Media release: Tuesday, 13 May 2008
An Aboriginal family, described in 1907 as 'half caste' in the terminology of the day, has left a trail of letters showing how such families were stuck between two worlds in the early 20th century.
Footprints, a book portraying the struggles of Lucy and Percy Pepper, has been published jointly by the National Archives of Australia and Public Record Office Victoria, both of which hold original records of the family's correspondence with bureaucracy over the years.
'These letters provide a different insight into Aboriginal history in Victoria,' said co-author Simon Flagg from the Koorie Records Unit, Public Record Office Victoria, who did most of the research for the book.

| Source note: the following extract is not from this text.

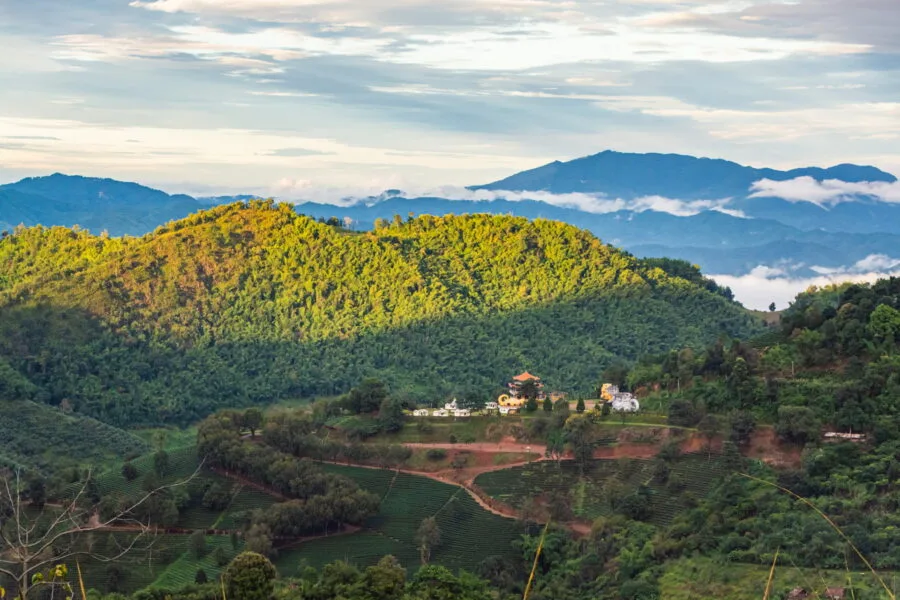 wang put tan tea plantation mae salong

'A lot of people are unaware of the different policies that were in place for Aboriginal people in the 20th century. Footprints tells the story of a family battling their way through government policies and the impact of being defined as “half-castes” at the time.
'I was surprised to find as much historical information as I did. This family's story demonstrates that there are unexpected rewards for researchers who broaden their scope when tracking down Aboriginal history. Percy Pepper had served in World War I, had received a soldier settler's block, owned a bike store and written letters to the Premier of Victoria, all of which left a paper trail in archives.'
As well as brief chapter introductions, the book contains transcripts of the letters to, from and about the Pepper Family. Among various aspects of the family's life, the letters show Lucy Pepper's long battle with tuberculosis and her request to live with other family members on a mission. But she was denied this natural wish because 'half-caste' Aboriginal people were excluded from the missions.

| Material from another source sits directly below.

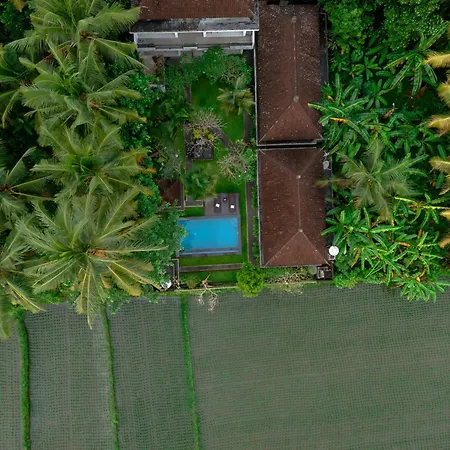 Ayu Shanti Guest House Ubud-2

'I decided to record Lucy and Percy's story in this format as I didn't feel that summarising their letters in a narrative could do them justice,' said Simon Flagg. 'This allows people to make their own minds up about the history rather than me or anyone else interpreting it.
'I hope the book motivates other Aboriginal people to trace their family history by showing them the sorts of records you can find in the national and state archives. And I'm sure there are people who would like to know more about Aboriginal history in Victoria and what happened on Aboriginal reserves.'
He also believes the book, with its transcripts of original letters, will be an invaluable historical resource for university and school students.
Rita Watkins, a descendent of Percy and Lucy, provided photographs and family stories for the book.
Footprints: The Journey of Lucy and Percy Pepper by Simon Flagg and Dr Sebastian Gurciullo is published by the National Archives of Australia and Public Record Office Victoria, with support from Aboriginal Affairs Victoria through the Stolen Generations Victoria Ltd. It is available at $10.00 from the National Archives shop and Public Record Office Victoria.